Muted Recovery From Recession
Revenue and profit have fallen steadily over the past years driven primarily by weakness in the Office segment, although Consumer has been a contributor to declines as well. As with all Japanese companies, the trend of yen appreciation has impacted sales growth negatively and profit to a certain degree as well.
On the positive side, operating and net income have remained consistent in relationship with each other with an average of about 63% falling to the bottom line. Analyst estimates for 2012 call for net income of JPY 284,700 compared to JPY 248,630 in the prior year. Canon itself projects an essentially flat profit result in 2012 compared to 2011. Average net income for the period is about 25% greater than where it currently stands.

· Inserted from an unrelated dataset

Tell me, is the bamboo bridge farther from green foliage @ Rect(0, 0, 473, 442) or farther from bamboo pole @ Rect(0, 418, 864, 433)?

Using a profit figure of JPY 248,630 yen, historical current returns on capital are somewhat below the cost of capital. At the average profit level mentioned above, returns approximately match capital costs. Given the strong position of the company's products, this is a somewhat surprising position. In my view, this shows the challenge of operating with an appreciating yen and a relatively inflexible labor force.

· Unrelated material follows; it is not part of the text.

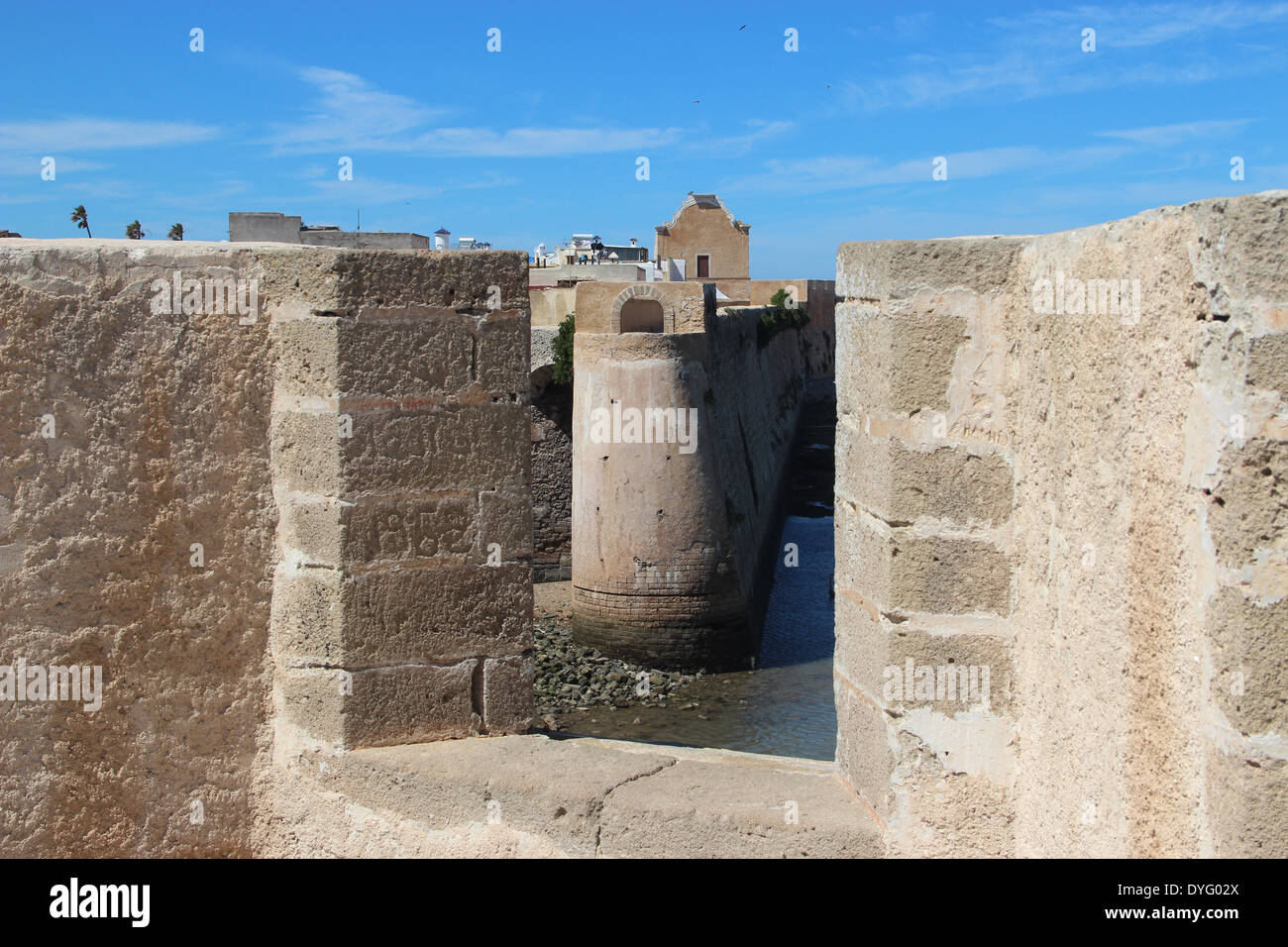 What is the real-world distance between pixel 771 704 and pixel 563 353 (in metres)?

Returning Capital and Becoming More Efficient
Canon's current PE before adjusting for non-operating assets is 18.1x based on company estimates for 2012 profitability. Removing cash and associated investment income yields a PE of 15.5x on operating assets. Canon is rather aggressively returning capital to shareholders in the form of a relatively large dividend, representing some 60% of net income and share buybacks which so far this year total a little under 3% of the market capitalization. The willingness to return capital to shareholders should give some comfort toward the belief that non-operating assets (in this case, merely large cash balances) will be divested over time.

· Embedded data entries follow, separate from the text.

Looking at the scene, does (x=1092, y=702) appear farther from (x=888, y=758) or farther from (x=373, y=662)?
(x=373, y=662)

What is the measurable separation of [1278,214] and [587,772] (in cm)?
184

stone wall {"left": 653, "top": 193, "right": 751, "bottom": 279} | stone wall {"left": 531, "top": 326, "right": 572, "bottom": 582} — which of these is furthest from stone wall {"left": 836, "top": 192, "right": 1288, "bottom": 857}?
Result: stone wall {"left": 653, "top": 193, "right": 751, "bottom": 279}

Given the low returns on capital, Canon's PE at 15.5x is rather high but using average profitability, the PE falls to 12.1x (and capital returns come up to cost). It could be that investors view the current level of low profitability as temporary. Given the strong market position of Canon, this view is likely reasonable; however, a turnaround is not imminent, at least according to the company. Another option is that investors expect capital employment to decrease over time. Given recent capital expenditures, this appears reasonable, but it is hard to tell if such low levels are sustainable. If Canon can increase returns on capital through a reduction in capital employed, then the valuation could be fair, if not attractive given the strong position the company has in its markets. Canon is one for the watchlist, at a minimum.